Differential Algebraic Equations#

What are DAEs?#

Differential algebraic equations (DAEs) are a classification of problem defined by a system of equations that includes both differential and algebraic components. Unlike ordinary differential equations (ODEs), which define relationsihps between one or more dependent variables based on their derivatives, DAEs involve a mixture of differential terms and algebraic constraints. The algebraic constraints must be satisfied alongside the differential equations as the system evolves over time.

The general form of a DAE is written as:

\[F(t, y, y') = 0,\]

where \(y(t)\) includes both differential variables (variables with derivatives) and algebraic variables (variables without derivatives).

In practice, DAEs are typically expressed as a system of equations that must equal zero. This form reflects that the solution seeks to minimize the difference, or residual, between the expressions in \(F\) and zero. The residuals play a key role in evaluating the performance of the solver at each time step, as they represent the “error” in how well the system satisfies the algebraic and differential equations simultaneously.

For example, in a mechanical system involving a constraint like a rigid rod, the distance between two points should ideally remain fixed. However, due to the limits of numerical precision, the DAE solver works to minimize any small violations in this constraint.

Where do DAEs Arise?#

DAEs commonly arise in real-world systems that include physical constraints. Examples include:

  • Electrical circuits (e.g., Kirchhoff’s laws for currents and voltages)

  • Mechanical systems with rigid body constraints (e.g., constrained motion of linkages)

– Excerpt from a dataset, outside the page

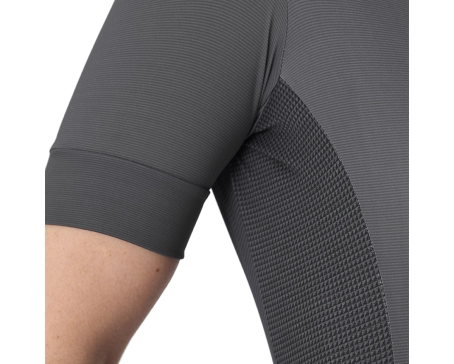 Maillot manches courtes Femme AKSIUM GRAPHIC Noir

  • Chemical processes with equilibrium reactions

These systems are often governed by a combination of laws of motion or flow (differential equations) and constraints that restrict certain variables (algebraic equations).

Classification#

The index of a DAE refers to the number of times an algebraic equation must be differentiated with respect to time to reduce the system to a set of ODEs. This concept is critical for understanding the complexity of solving DAEs.

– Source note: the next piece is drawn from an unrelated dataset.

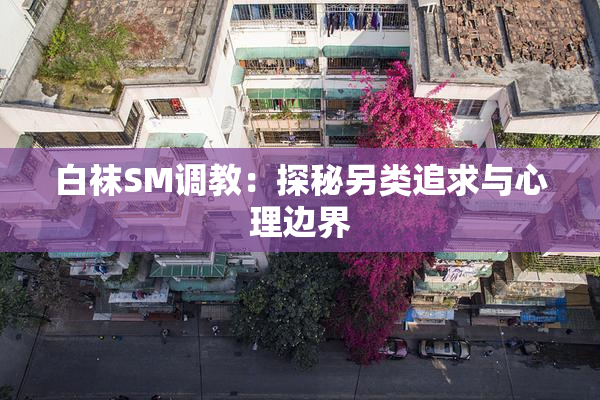 白袜SM调教：探秘另类追求与心理边界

  • Index-1 DAEs: These are the simplest type of DAEs, where the algebraic constraints are directly compatible with the differential equations. In other words, the system can be solved without needing to differentiate the algebraic constraints.

  • Higher-index DAEs: These require one or more differentiations of the algebraic constraints to be reduced to an ODE-like system. Higher-index DAEs are typically more challenging to solve numerically and may require specific reformulations.

The IDA solver in scikit-SUNDAE is designed to handle index-1 DAEs. Users working with higher-index DAEs often need to reformulate their systems to reduce them to index-1. One common method is to differentiate the algebraic equations until they become compatible with the differential system.

Intro to IDA#

The IDA solver, part of the SUNDIALS suite, is specifically designed to handle index-1 DAEs. It uses implicit methods to solve both the differential and algebraic parts of the system simultaneously. By combining backward differentiation formulas (BDF) for the differential components and Newton-based methods for solving the resulting nonlinear systems, IDA efficiently handles DAEs in which algebraic constraints must be satisfied at each time step.

Setting up DAEs for IDA#

When using the IDA solver in scikit-SUNDAE, users must define which variables are differential and which are algebraic. The solver requires the user to provide:

  • The system of governing equations, written as residuals, like \(F(t, y, y') = 0\)

  • Initial conditions for all variables (differential and algebraic) and their derivatives

In regards to the initial conditions, IDA offers an initial correction scheme to help refine their values before solving the system. For instance, it is common to know either \(y_0\) or \(y'_0\) but not necessarily both. In such cases, users can rely on the solver to determine whichever is missing, ensuring the system is correctly initialized for the numerical solution. For more information see the calc_initcond setting in the API reference.

Numerical Methods#

IDA applies several key numerical techniques for solving DAEs:

  • Implicit Time-Stepping: IDA uses implicit methods like BDF, which allow for large time steps and ensure stability, particularly for stiff DAEs.

  • Newton Iteration: To solve the nonlinear system at each time step, IDA uses Newton’s method with the option to provide explicit Jacobians or rely on finite-difference approximations.

  • Constraint Handling: IDA enforces algebraic constraints through its stepper, ensuring that both differential and algebraic variables evolve together in a physically consistent manner.

These methods allow IDA to handle DAEs that cannot be solved with traditional ODE solvers, making it an ideal tool for systems with physical constraints.

Summary#

DAEs are an extension of ODEs that include algebraic equations in addition to differential equations. While they are more complex to solve, the IDA solver in scikit-SUNDAE provides a powerful tool for solving index-1 DAEs using implicit methods and Newton-based iterations. Properly defining the differential and algebraic variables and understanding the system’s index is essential for setting up and solving a DAE problem efficiently.